Segment Start: Data section
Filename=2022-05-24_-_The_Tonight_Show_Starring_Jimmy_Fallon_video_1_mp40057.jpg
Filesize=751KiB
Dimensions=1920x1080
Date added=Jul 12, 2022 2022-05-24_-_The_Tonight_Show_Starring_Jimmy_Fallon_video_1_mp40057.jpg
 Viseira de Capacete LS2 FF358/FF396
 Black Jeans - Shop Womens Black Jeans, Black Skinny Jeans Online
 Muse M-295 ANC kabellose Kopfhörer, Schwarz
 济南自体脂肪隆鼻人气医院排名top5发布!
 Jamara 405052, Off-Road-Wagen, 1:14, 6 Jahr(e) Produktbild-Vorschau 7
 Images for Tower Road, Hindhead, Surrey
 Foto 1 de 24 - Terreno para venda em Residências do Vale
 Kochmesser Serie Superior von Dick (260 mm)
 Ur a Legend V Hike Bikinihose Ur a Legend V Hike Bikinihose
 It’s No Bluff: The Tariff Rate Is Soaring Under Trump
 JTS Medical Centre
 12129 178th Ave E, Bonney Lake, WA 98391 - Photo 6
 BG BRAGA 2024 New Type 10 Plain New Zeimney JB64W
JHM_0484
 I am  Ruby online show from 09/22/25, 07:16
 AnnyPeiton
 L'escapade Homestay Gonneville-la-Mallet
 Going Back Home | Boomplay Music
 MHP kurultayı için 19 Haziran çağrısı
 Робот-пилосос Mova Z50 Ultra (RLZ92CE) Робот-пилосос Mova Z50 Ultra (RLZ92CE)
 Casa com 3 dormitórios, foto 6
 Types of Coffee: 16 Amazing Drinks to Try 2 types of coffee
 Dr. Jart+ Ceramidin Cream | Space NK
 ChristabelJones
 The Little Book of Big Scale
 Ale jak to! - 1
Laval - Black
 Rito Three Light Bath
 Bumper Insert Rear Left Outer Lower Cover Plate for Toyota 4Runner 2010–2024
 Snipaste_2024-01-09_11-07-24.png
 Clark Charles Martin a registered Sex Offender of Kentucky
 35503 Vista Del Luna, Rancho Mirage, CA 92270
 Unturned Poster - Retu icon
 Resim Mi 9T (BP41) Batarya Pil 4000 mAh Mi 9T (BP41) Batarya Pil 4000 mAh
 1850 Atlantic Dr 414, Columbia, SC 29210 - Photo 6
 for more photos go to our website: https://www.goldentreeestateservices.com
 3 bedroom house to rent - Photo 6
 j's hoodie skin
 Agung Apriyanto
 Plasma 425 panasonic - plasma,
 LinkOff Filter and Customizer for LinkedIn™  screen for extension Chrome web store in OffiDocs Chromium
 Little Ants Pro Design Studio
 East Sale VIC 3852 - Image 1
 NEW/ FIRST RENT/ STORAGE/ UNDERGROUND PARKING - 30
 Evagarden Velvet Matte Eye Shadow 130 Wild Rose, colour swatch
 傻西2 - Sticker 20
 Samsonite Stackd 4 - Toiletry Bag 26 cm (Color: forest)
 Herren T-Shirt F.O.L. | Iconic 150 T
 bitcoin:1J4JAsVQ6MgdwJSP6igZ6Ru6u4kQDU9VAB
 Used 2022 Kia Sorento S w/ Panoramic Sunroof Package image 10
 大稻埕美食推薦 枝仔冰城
Segment End: Data section
**How to complete this task**
The response must consist solely of the lines from the top of the records through the line holding "Plasma 425 panasonic", copied word for word.

**Task result**
Filename=2022-05-24_-_The_Tonight_Show_Starring_Jimmy_Fallon_video_1_mp40057.jpg
Filesize=751KiB
Dimensions=1920x1080
Date added=Jul 12, 2022 2022-05-24_-_The_Tonight_Show_Starring_Jimmy_Fallon_video_1_mp40057.jpg
 Viseira de Capacete LS2 FF358/FF396
 Black Jeans - Shop Womens Black Jeans, Black Skinny Jeans Online
 Muse M-295 ANC kabellose Kopfhörer, Schwarz
 济南自体脂肪隆鼻人气医院排名top5发布!
 Jamara 405052, Off-Road-Wagen, 1:14, 6 Jahr(e) Produktbild-Vorschau 7
 Images for Tower Road, Hindhead, Surrey
 Foto 1 de 24 - Terreno para venda em Residências do Vale
 Kochmesser Serie Superior von Dick (260 mm)
 Ur a Legend V Hike Bikinihose Ur a Legend V Hike Bikinihose
 It’s No Bluff: The Tariff Rate Is Soaring Under Trump
 JTS Medical Centre
 12129 178th Ave E, Bonney Lake, WA 98391 - Photo 6
 BG BRAGA 2024 New Type 10 Plain New Zeimney JB64W
JHM_0484
 I am  Ruby online show from 09/22/25, 07:16
 AnnyPeiton
 L'escapade Homestay Gonneville-la-Mallet
 Going Back Home | Boomplay Music
 MHP kurultayı için 19 Haziran çağrısı
 Робот-пилосос Mova Z50 Ultra (RLZ92CE) Робот-пилосос Mova Z50 Ultra (RLZ92CE)
 Casa com 3 dormitórios, foto 6
 Types of Coffee: 16 Amazing Drinks to Try 2 types of coffee
 Dr. Jart+ Ceramidin Cream | Space NK
 ChristabelJones
 The Little Book of Big Scale
 Ale jak to! - 1
Laval - Black
 Rito Three Light Bath
 Bumper Insert Rear Left Outer Lower Cover Plate for Toyota 4Runner 2010–2024
 Snipaste_2024-01-09_11-07-24.png
 Clark Charles Martin a registered Sex Offender of Kentucky
 35503 Vista Del Luna, Rancho Mirage, CA 92270
 Unturned Poster - Retu icon
 Resim Mi 9T (BP41) Batarya Pil 4000 mAh Mi 9T (BP41) Batarya Pil 4000 mAh
 1850 Atlantic Dr 414, Columbia, SC 29210 - Photo 6
 for more photos go to our website: https://www.goldentreeestateservices.com
 3 bedroom house to rent - Photo 6
 j's hoodie skin
 Agung Apriyanto
 Plasma 425 panasonic - plasma,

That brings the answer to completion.